Under the three-year deal, which also includes the option for a two-year extension, family-run Griffiths will receive and recycle waste wood collected from the council’s HWRCs at Llansamlet, Clyne, Garngoch, Penlan and Tir John.
The £1.4 million figure is the estimated value of the contract over its full period of five years.
Commencing in January 2016, the deal will see waste wood shredded at the company’s materials recycling facility (MRF) at its Bryntywod headquarters in Llangyfelach, Swansea, before being used in animal bedding, among other end-uses.
Swansea currently collects around 4,700 tonnes of waste wood per year and had specifically sought a contractor which would recycle or re-use the material, rather than incinerate it or send it for biomass energy generation.
Reycling targets
It is hoped that this will enable the authority to maximise its re-use and recycling with a view to helping Swansea meet the Welsh Government’s statutory recycling target of 58% by 2016 and 70% by 2025. Swansea’s recycling rate sat around the 59% mark at the end of 2014.

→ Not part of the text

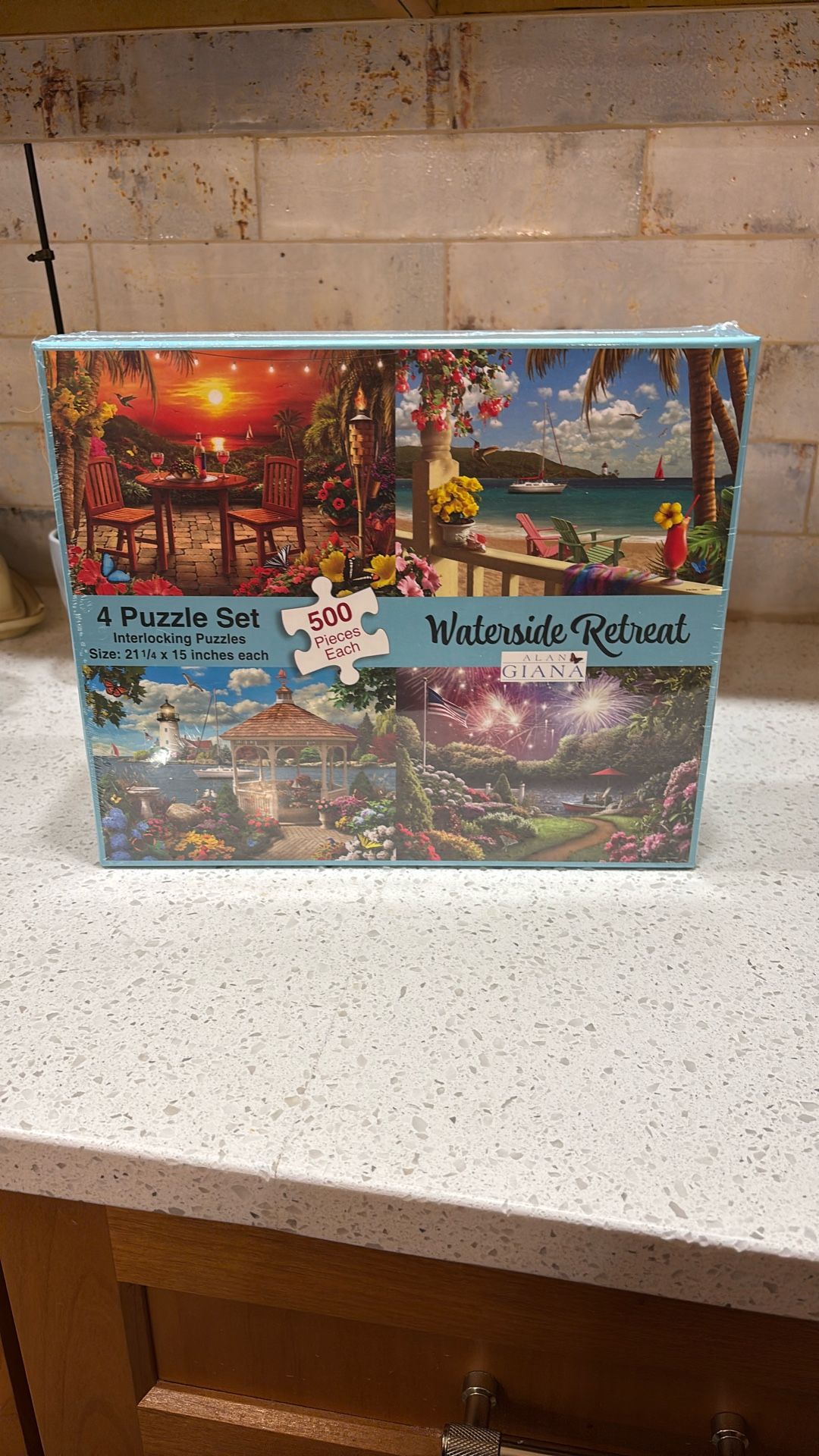 Puzzles, Waterside Retreat Scenes, 4 Puzzle Box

“It’s important that we have these contracts in place so we can continue to maximise our wood recycling as part of our overall waste management service. We look forward to working with the company in the future.”
Christ Howell, head of waste
Swansea city and county council
According to the council “only one economic provider was able to provide a local waste transfer station with a cost effective solution with documentary evidence to prove that all processes offered to the authority can be considered as reuse or recycling and are consistent with Waste Data Flow and Welsh Government definitions”.
The contract award notice explains that all other operators that expressed an interest in the deal were invited to Swansea’s HWRCs “and upon inspection of the material were only able to offer a biomass/incineration solution which fails to meet the relevant ‘End of Waste Criteria’ and could not offer a solution that can be claimed by the authority as recycled/reused”.
Christ Howell, head of waste at Swansea city and county council, said: “It’s important that we have these contracts in place so we can continue to maximise our wood recycling as part of our overall waste management service. We look forward to working with the company in the future.”
Success
The award follows Griffiths’ successful tender in October 2014 for a three-year contract, with a one-year optional extension, to process “thousands of tonnes” of waste wood from Pembrokeshire county council’s HWRCs, which is also processed at the firm’s Swansea MRF.
Meanwhile, it was reported in April that Swansea’s decision to limit the number of black waste bags available to householders had resulted in a 25% fall in the amount of residual waste collected every fortnight over the preceding 12 months (see letsrecycle.com story).